Julia and Joseph have declared Halloween their second-favorite holiday after, of course, Christmas. Their love for holidays seems to be proportional to the total mass of the the stuff they receive in observance of the date. By this metric, Flag Day seems to be a big loser: school is usually out by the time mid-June rolls around, so they don’t even get cookies at a class party.
This year, the kids decided they had to get their pumpkin at the pop-up pumpkin “patch” in the parking lot of the light-rail station near our house. I tried in vain to convince them of the advantages of some of the more authentic alternatives—corn mazes, bunnies, working trains, etc.—but they were unmoved. The allure of the giant, inflatable shark slide they saw from the car was too much to resist.
Incidentally, the night before our trip to the pumpkin lot, we had dinner at the very same parking facility. There’s a local company, Moveable Feast, that brings together food trucks from around the area on nights and weekends. Joe, Julia and I had pretty traditional food truck fare: burritos and hot dogs. Julie, on the other hand, went all-out with a bacon cheeseburger that featured two halves of a glazed donut in place of a bun. It was a welcome change of pace—there were a ton of interesting options—and a unique experience (not to mention a convenient way for the food truck operators to make a bit of extra money outside their normal peak hours). Julie has almost fully recovered.

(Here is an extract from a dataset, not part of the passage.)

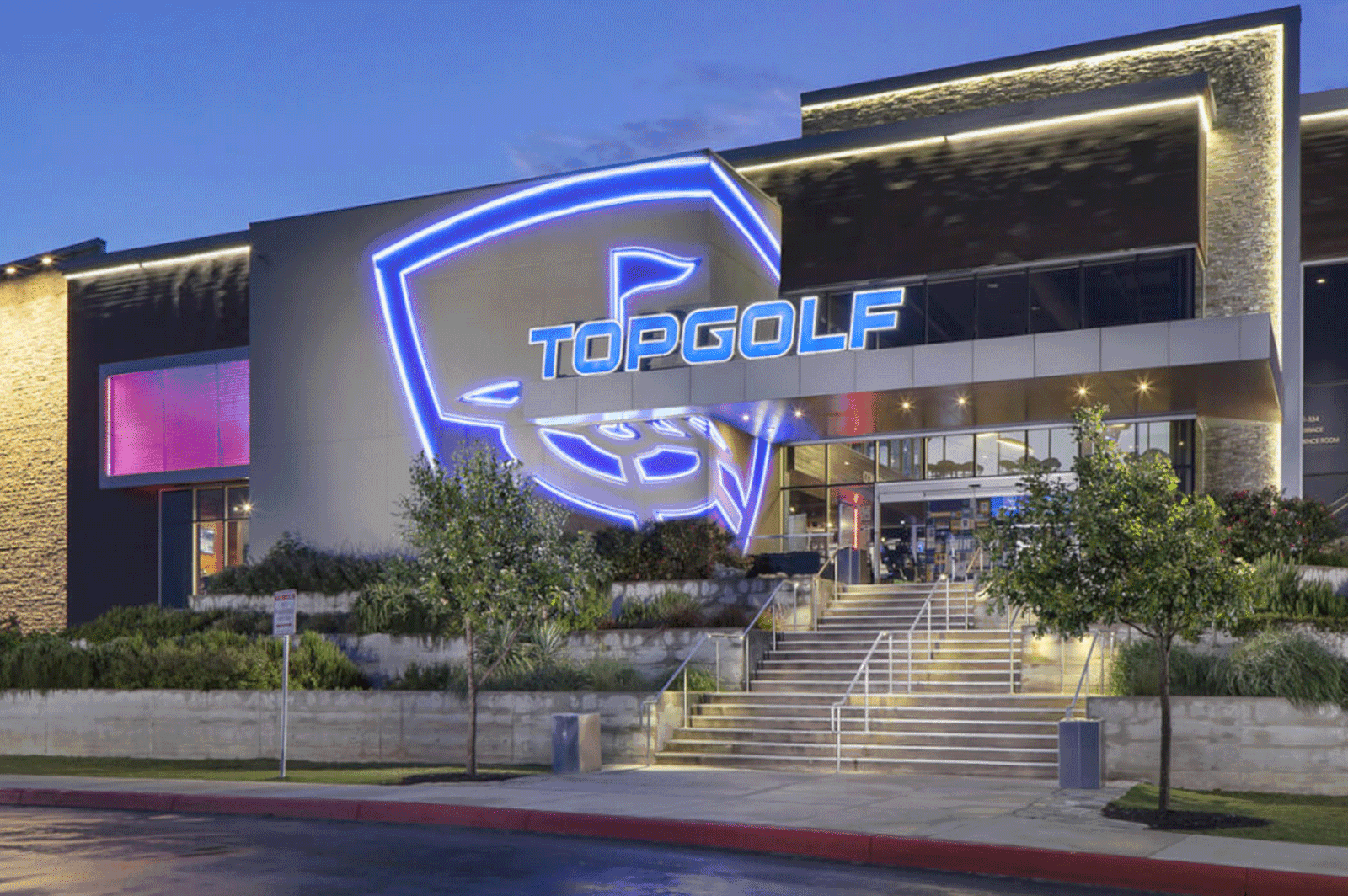 Topgolf Plans 2-story Location For New Braunfels Slated To Open ...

We picked up the pumpkin on Saturday, but didn’t get a chance to carve it until Wednesday afternoon, the day of Halloween. Julia was working on her Pitcher Pressure book report all day Sunday, and the kids were tied up with activities and errands Monday and Tuesday. With Spanish class, soccer practice and Julia’s science class, their days are far more fully booked than I remember mine being when I was either of their ages.
Scheduling concerns aside, the pumpkin did get carved, and the kids were ready for trick-or-treating by the time I made it home Wednesday night. Joe had planned to go as Spider-Man right up to the day the kids and Julie went shopping, when he changed his mind and decided he wanted to be Captain America. Julia originally thought she would re-use her Spider-Girl costume from last year, which would have conveniently allowed us to save a bit of money. Naturally, that impulse didn’t last—it never stood a chance, really—and she decided she would make up her mind at the costume store. Were she like me, this would have had the makings of a colossal disaster, but Julia found her outfit at the very first shop they visited. She elected to go as a candy corn witch, complete with a candy corn hat and a candy corn shirt. Julie even took her to get her nails done in the familiar candy corn pattern, an excursion which kept her out late on a school night, but everyone seems to have survived.
We have pictures, of course. There’s not much time to dwell on Halloween for now: the Toys ’R Us holiday catalog came in the mail yesterday, and the kids are busily circling the items they’d like Santa to bring for Christmas.